Yes, QQ email addresses are real. A string of numbers before @qq.com is normal because QQ accounts commonly use numeric account IDs. I would not purge those addresses just because they look unusual to an English-language marketing team.
That said, real does not mean safe to mail at full volume. QQ has its own delivery friction: China-based network paths, strict provider filtering, delayed or temporary rejections, reputation checks, and list-quality sensitivity. The right answer is to keep the addresses, isolate them, validate the sign-up source, send slowly, and watch real delivery data.
Direct answer
  1. Keep: Numeric QQ addresses are valid-looking addresses, not automatic garbage.
  2. Segment: Put QQ recipients into their own send segment before the welcome series.
  3. Test: Use small batches and real bounce data before increasing volume.
  4. Protect: Make authentication and reputation monitoring part of the workflow.

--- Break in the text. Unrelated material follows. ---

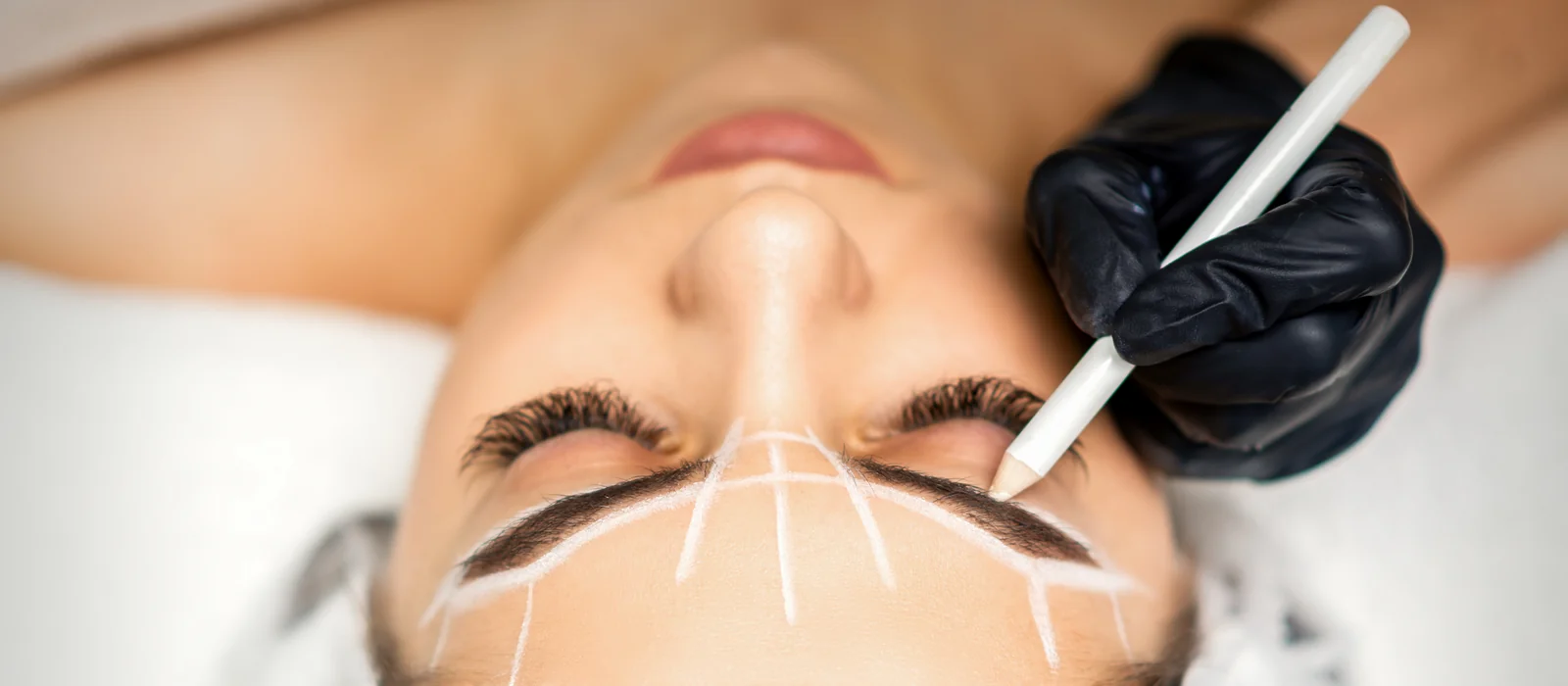 A certified artist mapping a client's eyebrow shape with a pencil before microblading at SpaRx Medical Aesthetics in Thonotosassa, FL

Why numeric QQ addresses are real

QQ began as an account system built around numeric identifiers. That account pattern carries into QQ Mail, so an address such as 123456789@qq.com can belong to a real mailbox. The local part looks fake if your list usually has names, initials, or company patterns, but numeric local parts are allowed and common in several older account systems.
The practical issue is intent, not syntax. Some numeric QQ signups are legitimate customers. Some are low-intent users, bot-driven form submissions, imported addresses with weak permission, or old accounts that still receive mail but never engage. I separate those questions before making a suppression decision.
A Tencent QQ Mail inbox screen with a numeric account style.
A Tencent QQ Mail inbox screen with a numeric account style.

Signal

Likely meaning

Best action

All numbers
Normal QQ pattern
Do not purge by format
No source
Weak permission
Hold or reconfirm
Recent signup
Higher intent
Send in a QQ segment
Repeated bounces
Bad address or blocking
Suppress after review
How to interpret numeric QQ addresses during list review.
If the broader list has signs of generated signups, treat QQ as one part of that investigation. Numeric QQ addresses deserve extra review when they arrive in bursts, share the same timestamp pattern, skip confirmation, or come through forms with no abuse controls. A separate process for fake addresses keeps that decision grounded in evidence.

Why QQ delivery is harder

QQ delivery is harder because you are sending into a China-based mailbox ecosystem. Network filtering, provider-level controls, language barriers, local compliance expectations, and sender reputation checks all affect the result. A message can pass basic authentication and still experience deferrals, throttling, or rejection.
Risky handling
  1. Format purge: Deleting every numeric QQ address removes real subscribers.
  2. Full blast: Sending the whole welcome series at once hides QQ-specific issues.
  3. Bounce guess: Treating one temporary rejection as a dead mailbox loses signal.
  4. No source: Mailing imported QQ addresses without consent proof adds risk.
Better handling
  1. Evidence: Judge QQ addresses by source, consent, bounces, and engagement.
  2. Ramp: Start with small QQ batches and increase only after stable results.
  3. Classify: Separate hard bounces, soft bounces, deferrals, and spam blocks.
  4. Monitor: Watch authentication, blocklist status, and delivery changes daily.
The hardest part is that QQ delivery failures are not always simple address validation failures. A temporary 451 style response points to a very different fix than a hard user-unknown bounce. I look at the SMTP reply, the sending IP, the domain reputation, and the recipient history before deciding whether to retry, slow down, or suppress.
QQ rollout guardrails
Use these as conservative operating thresholds for a new QQ segment, then tighten them as your own data matures.
Healthy
Hard bounces under 2%
Proceed with the next batch after checking engagement.
Watch
Soft bounces 2-5%
Hold volume steady and review SMTP replies.
Slow
Deferrals over 10%
Reduce volume and inspect authentication and reputation.
Stop
Block or complaint spike
Pause QQ sends until the cause is understood.
For deeper country-specific planning, I would treat QQ as part of a broader China delivery program. The rules are stricter than a normal domestic welcome series, and the operational plan should cover acquisition, consent, content, routing, and local-language support. The pages on QQ best practices and Chinese market rules are useful next steps once basic validation is done.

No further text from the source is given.